**The data**
^^^^^^^^
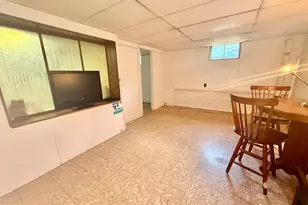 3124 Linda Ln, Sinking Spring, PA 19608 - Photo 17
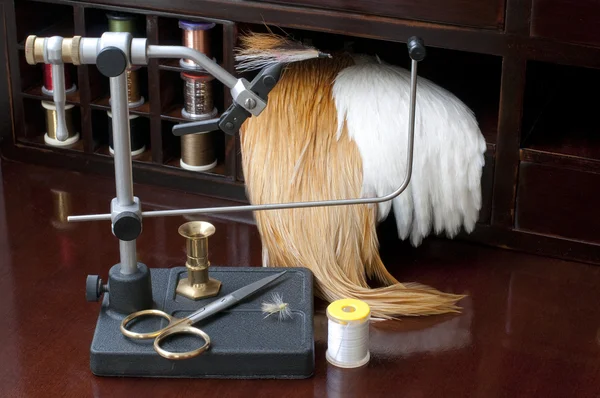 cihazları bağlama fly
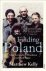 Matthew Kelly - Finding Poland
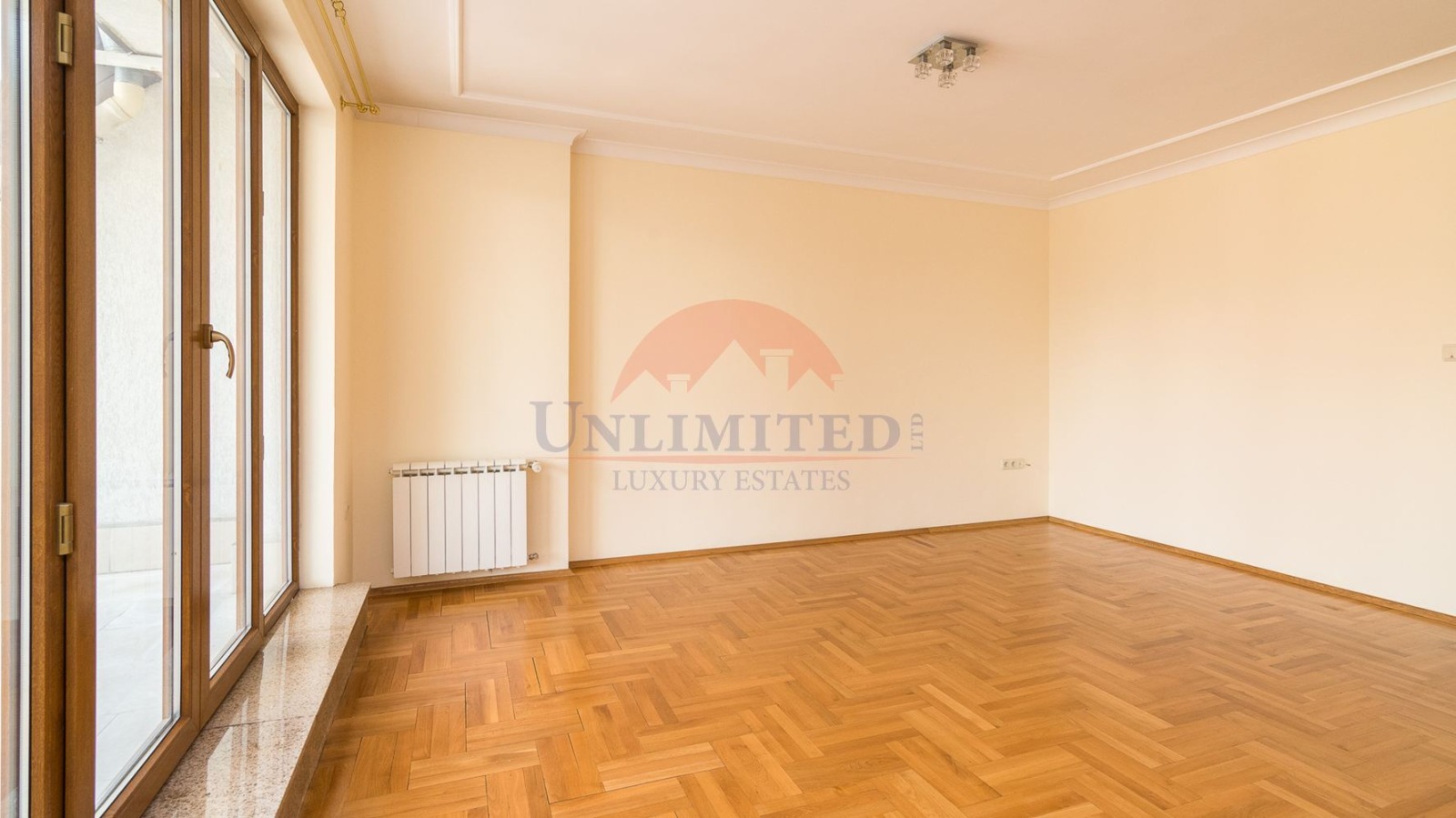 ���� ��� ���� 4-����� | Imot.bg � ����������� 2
^^^^^^^^
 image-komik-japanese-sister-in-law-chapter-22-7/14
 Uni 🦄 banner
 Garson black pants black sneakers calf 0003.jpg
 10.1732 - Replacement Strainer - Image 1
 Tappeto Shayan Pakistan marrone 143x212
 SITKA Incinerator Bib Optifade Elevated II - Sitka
^^^^^^^^
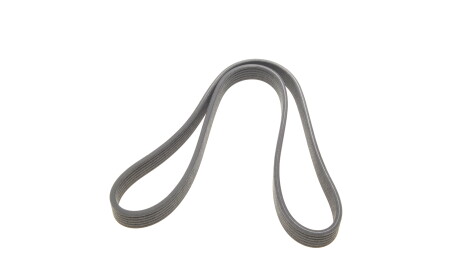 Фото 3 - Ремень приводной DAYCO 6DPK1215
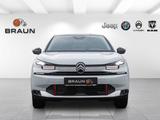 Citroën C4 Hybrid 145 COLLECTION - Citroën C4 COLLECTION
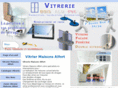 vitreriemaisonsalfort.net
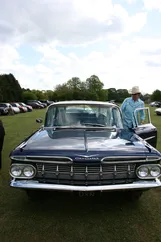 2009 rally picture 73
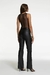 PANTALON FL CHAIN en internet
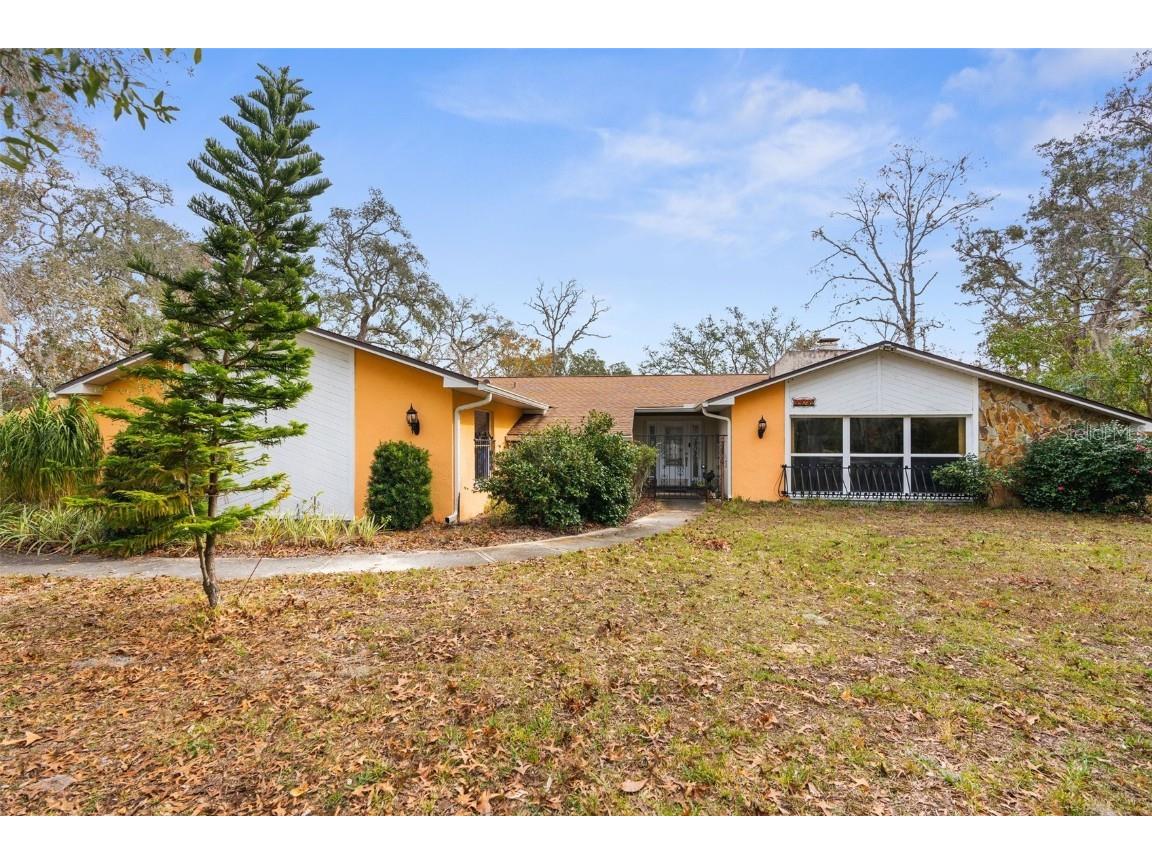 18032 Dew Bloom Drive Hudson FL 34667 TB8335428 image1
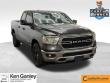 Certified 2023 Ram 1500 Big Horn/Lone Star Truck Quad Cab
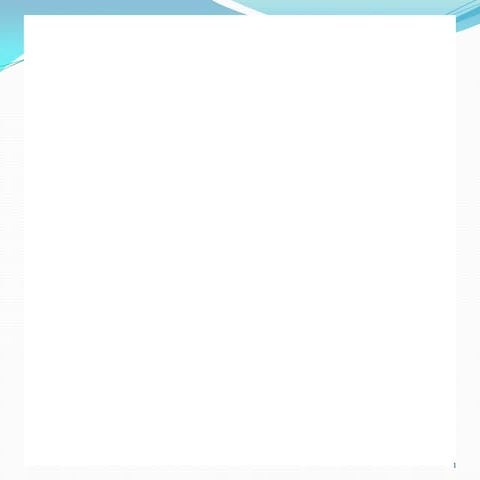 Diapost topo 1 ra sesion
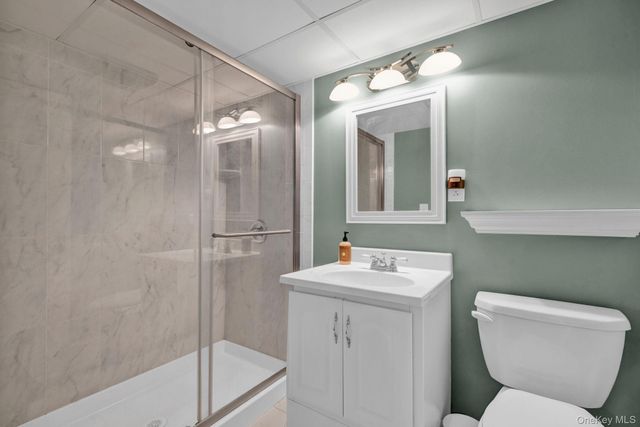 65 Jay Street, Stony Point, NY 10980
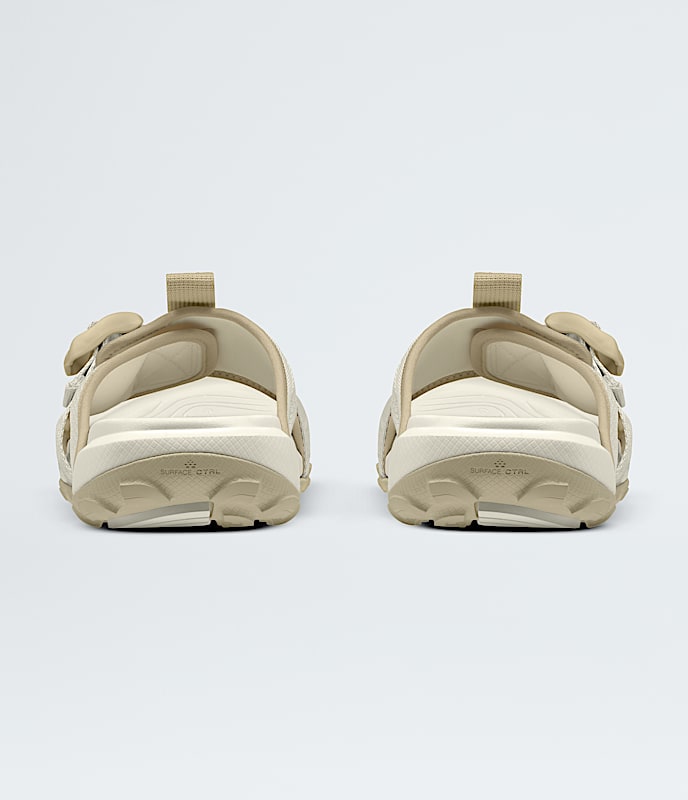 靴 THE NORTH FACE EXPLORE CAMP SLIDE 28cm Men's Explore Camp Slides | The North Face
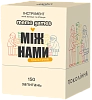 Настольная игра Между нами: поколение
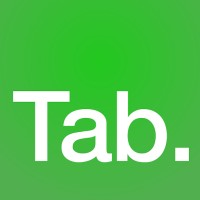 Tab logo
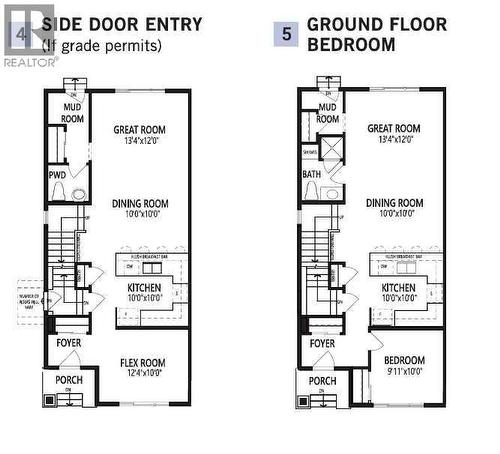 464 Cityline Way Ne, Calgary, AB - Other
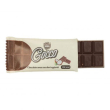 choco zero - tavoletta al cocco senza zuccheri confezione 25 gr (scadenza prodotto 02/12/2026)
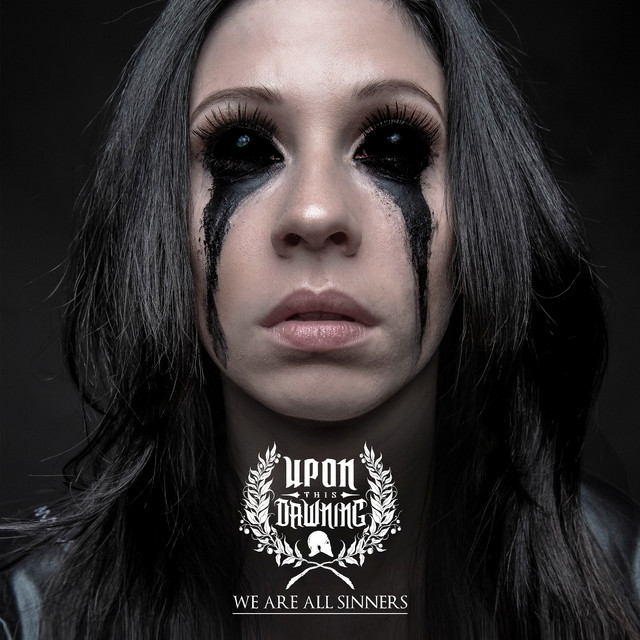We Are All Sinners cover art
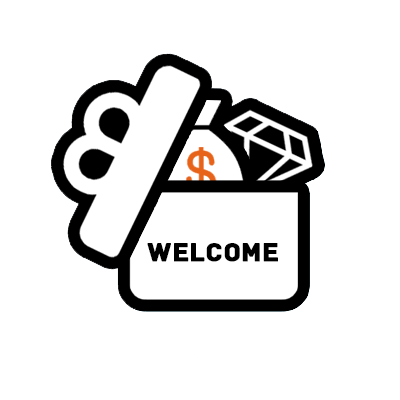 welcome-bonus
^^^^^^^^
**Action item**
Skipping every picture, transcribe exactly the lines above from the one containing "Настольная игра Между нами: поколение" through the one containing "welcome-bonus", both included.

**Exercise result**
 Настольная игра Между нами: поколение
 Tab logo
 464 Cityline Way Ne, Calgary, AB - Other
 choco zero - tavoletta al cocco senza zuccheri confezione 25 gr (scadenza prodotto 02/12/2026)
We Are All Sinners cover art
 welcome-bonus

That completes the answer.